Because once human review becomes a formality instead of a genuine check…
…it starts to resemble automated decision‑making — with legal implications that follow (highly recommend the article we’ve linked, it’s by Vocare Law about upcoming Privacy Act changes to automated decision making).
“AI is just a tool” — technically true, practically useless
You’ll hear this a lot. And while it’s correct, it misses the point. AI doesn’t remove responsibility.

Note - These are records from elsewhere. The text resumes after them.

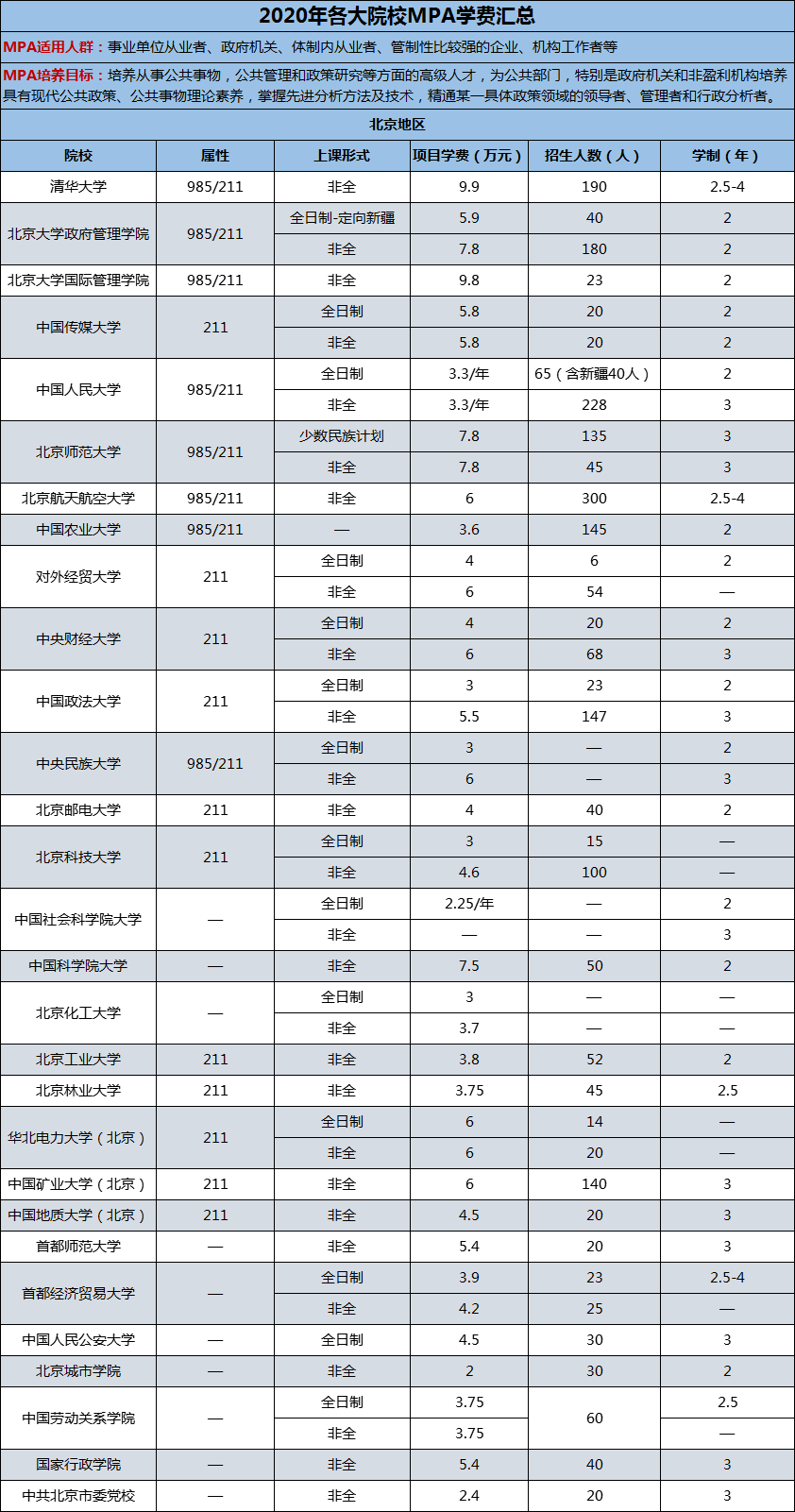 2020年各大院校公共管理碩士（MPA）學(xué)費匯總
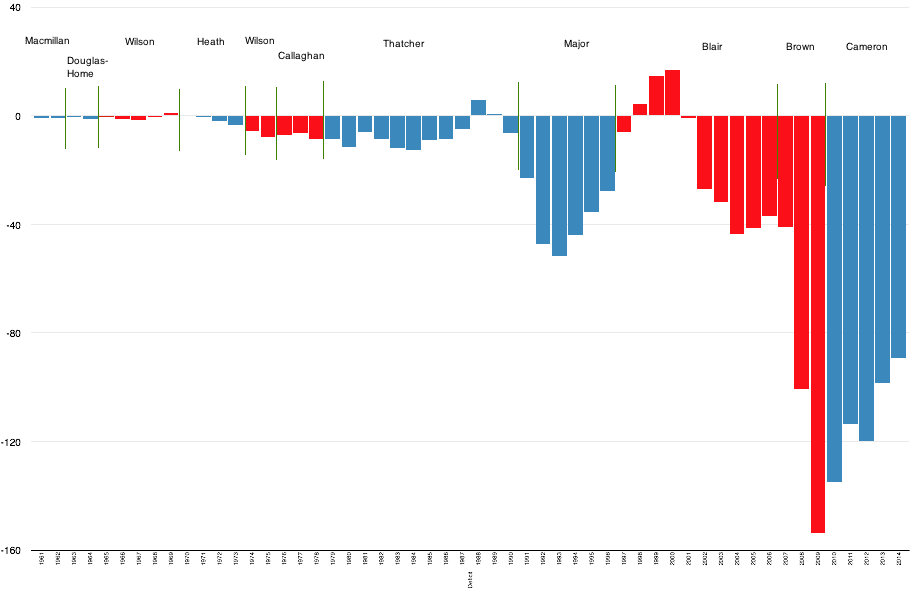 deficit-graph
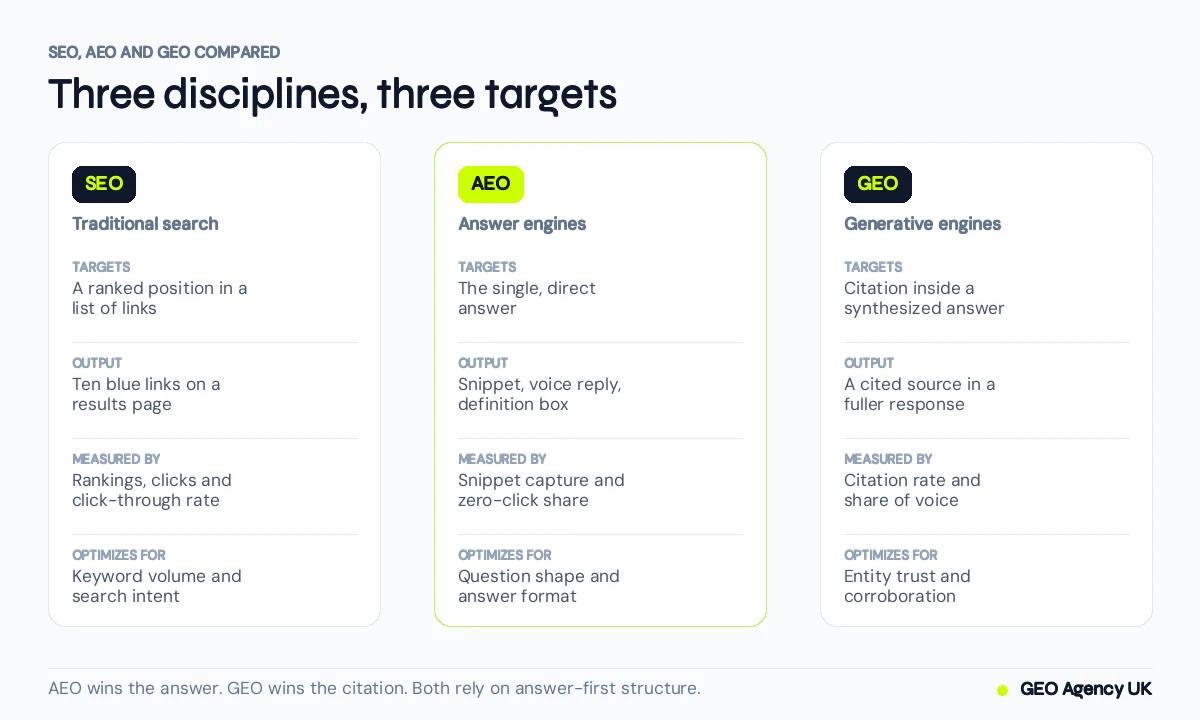 Comparison of SEO, AEO and GEO showing what each targets, its output format and how it is measured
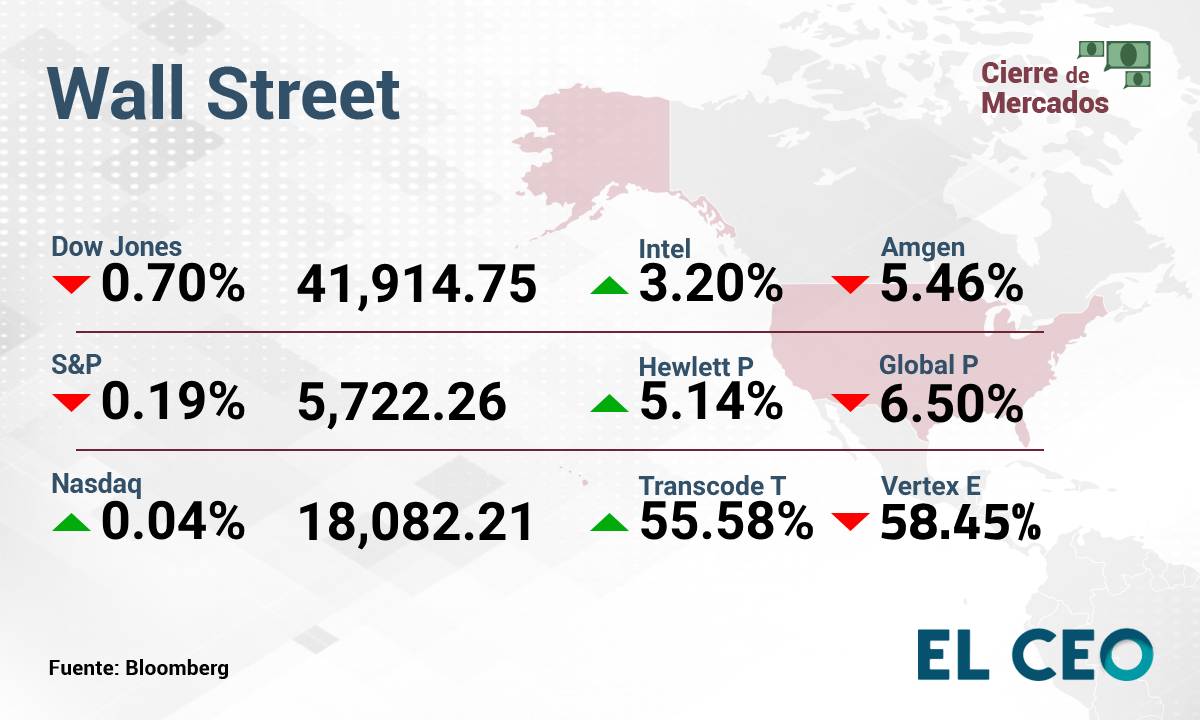 S&P 500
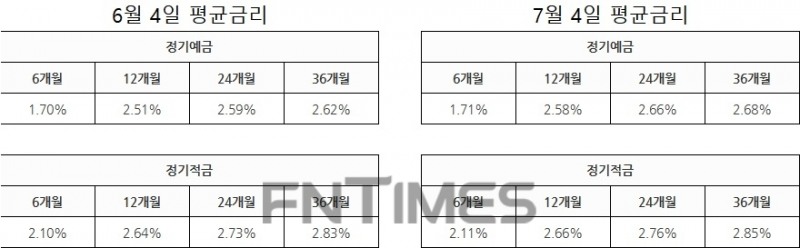 △자료 : 저축은행중앙회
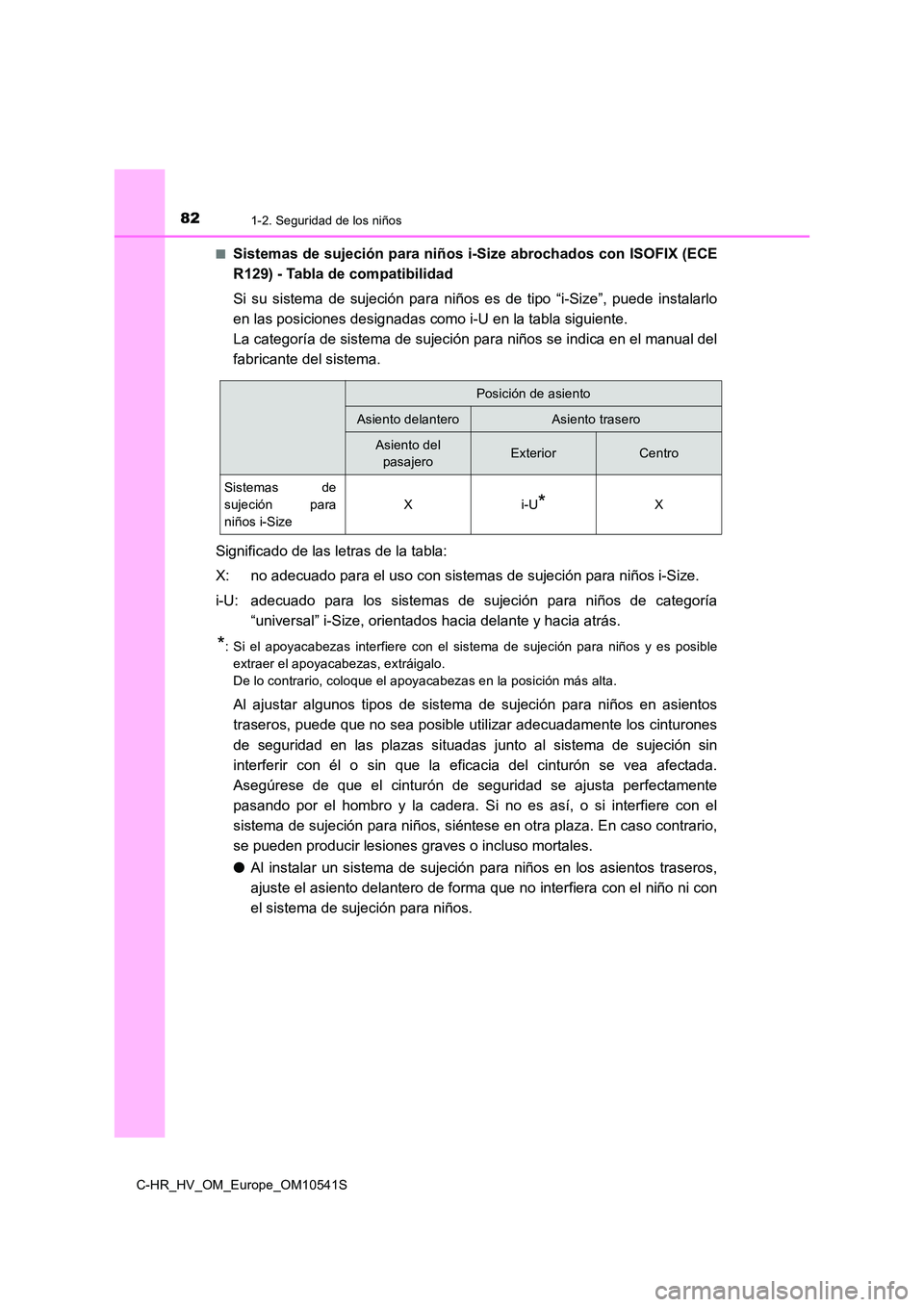 TOYOTA C_HR HYBRID 2017  Manual del propietario (in Spanish) 821-2. Seguridad de los niños
C-HR_HV_OM_Europe_OM10541S 
■Sistemas de sujeción para niños i- Size abrochados con ISOFIX (ECE 
R129) - Tabla de compatibilidad 
Si su sistema de sujeción para ni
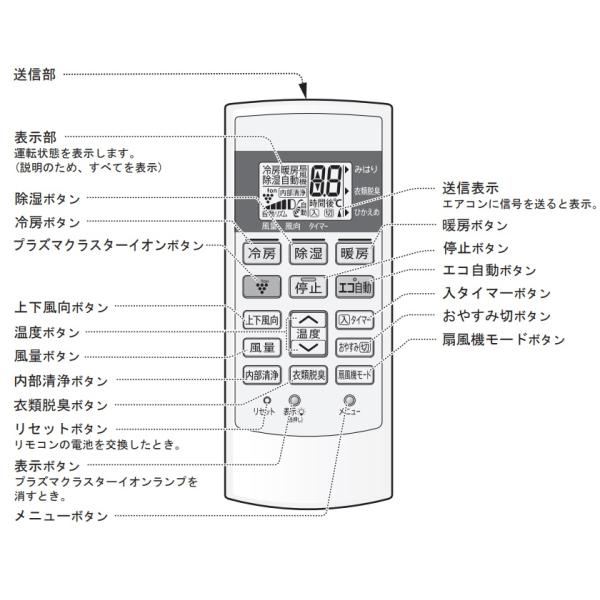 SHARP A885JB|シャープ純正部品 | エアコン用リモコン : Chanto3588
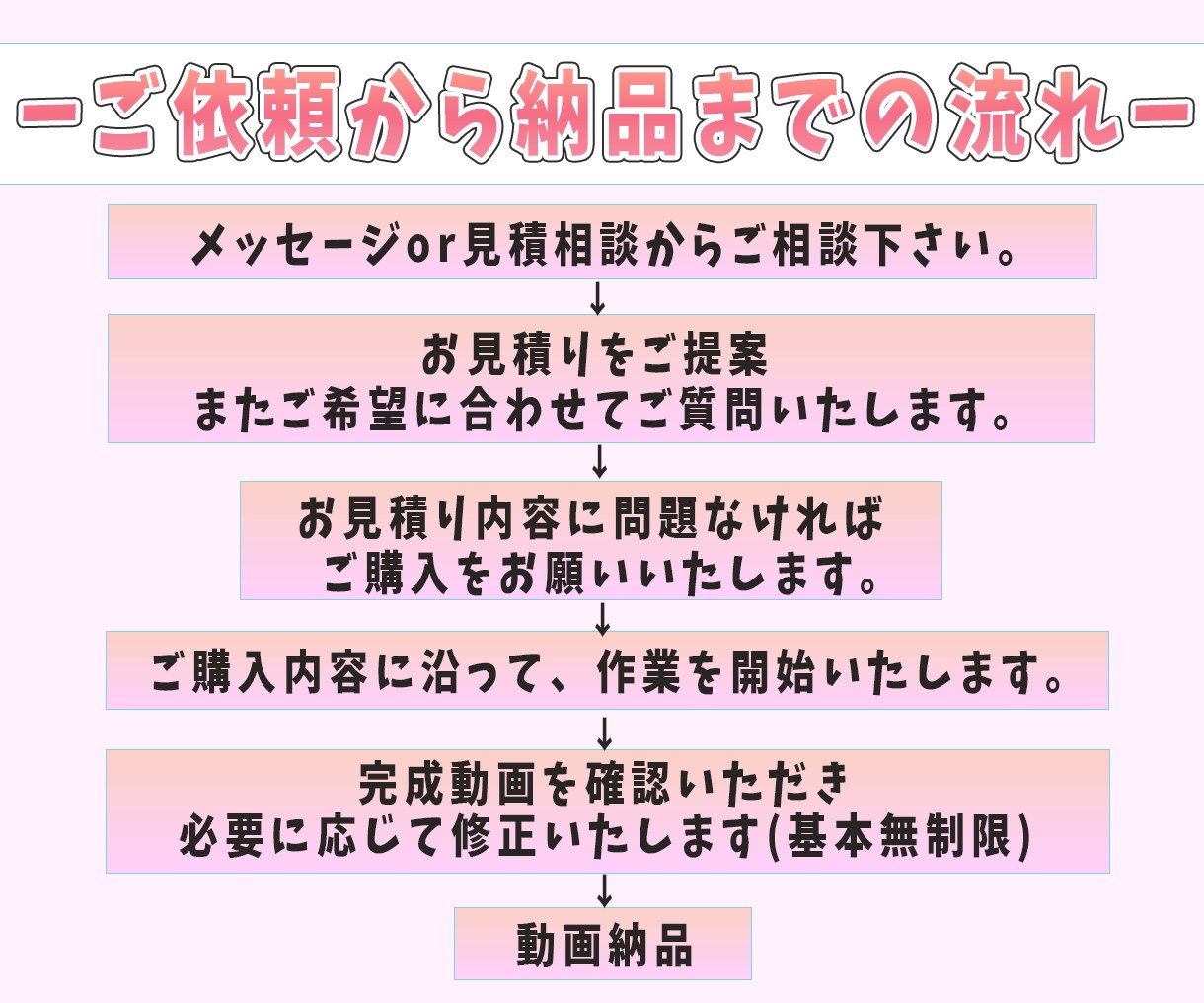 VTuber向け！切り抜きショート動画作成します 丸投げOK！あきない演出で視聴者を釘付けにします。 イメージ5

It amplifies whatever already exists in your environment.
If your business is:
- unstructured
- inconsistent
- driven by speed
AI will scale those behaviours.
By the same token, if your business is:
- clear
- accountable
- deliberate
AI will scale that instead.
Why AI governance matters for SMB and leadership
This is where things change for SMBs. Governance is no longer a “big company” problem. MinterEllison has a fantastic article
There is increasing pressure from:
- expanding AI regulation and enforcement frameworks globally
- rising expectations around accountability and documentation
- growing scrutiny of how decisions are made and justified
Across all of this, one principle holds:
Humans remain accountable for outcomes — even when AI is involved. “Human-in-the-Loop” is a term you’ll see more of in the coming years, if not months.
AI is not a legal person. It cannot be responsible.
Responsibility flows back to the people and organisations using it. You can’t outsource accountability to a tool.
What good looks like (and what it doesn’t)
Getting this right doesn’t require heavy policy, but it does require structure.
The businesses doing this well tend to:
- Define what AI is and isn’t used for
- Restrict usage to approved tools and environments
- Make it clear that AI outputs must be reviewed, verified, and owned by a human
- Establish clear accountability and escalation points
- Align oversight to risk level — not apply blanket rules
In other words:
They treat AI governance as an operating system — not a document read once a year
The shift most businesses haven’t made yet
Most SMBs are currently doing this: Experiment with AI → figure out risk later.
What actually works is the opposite: Define governance first → then scale AI safely.
Because you can’t safely increase AI capability without already having governance in place.
That sequencing is what most businesses miss.
Where Managed AI Services fits
This is exactly why Managed AI Services should be structured around responsible adoption, and ours is.
Not as a technical service first.
But as a governance‑led approach to AI enablement.
Our approach is simple.
- Establish clear accountability and acceptable use
- Implement practical governance that scales proportionally with capability
- Maintain human‑first control over decisions and outcomes
- Then enable AI — deliberately and responsibly, not reactively
Because the goal isn’t to slow AI down, it’s to make it trustworthy enough to rely on at scale.
The takeaway
AI isn’t creating new responsibility. It’s exposing whether your business already handles responsibility well.
In an AI‑enabled environment, personal liability still matters, vicarious liability matters more, and governance is what connects the two.
The businesses that get this right won’t be the ones using the least AI, rather they’ll be the ones who made accountability clear, early.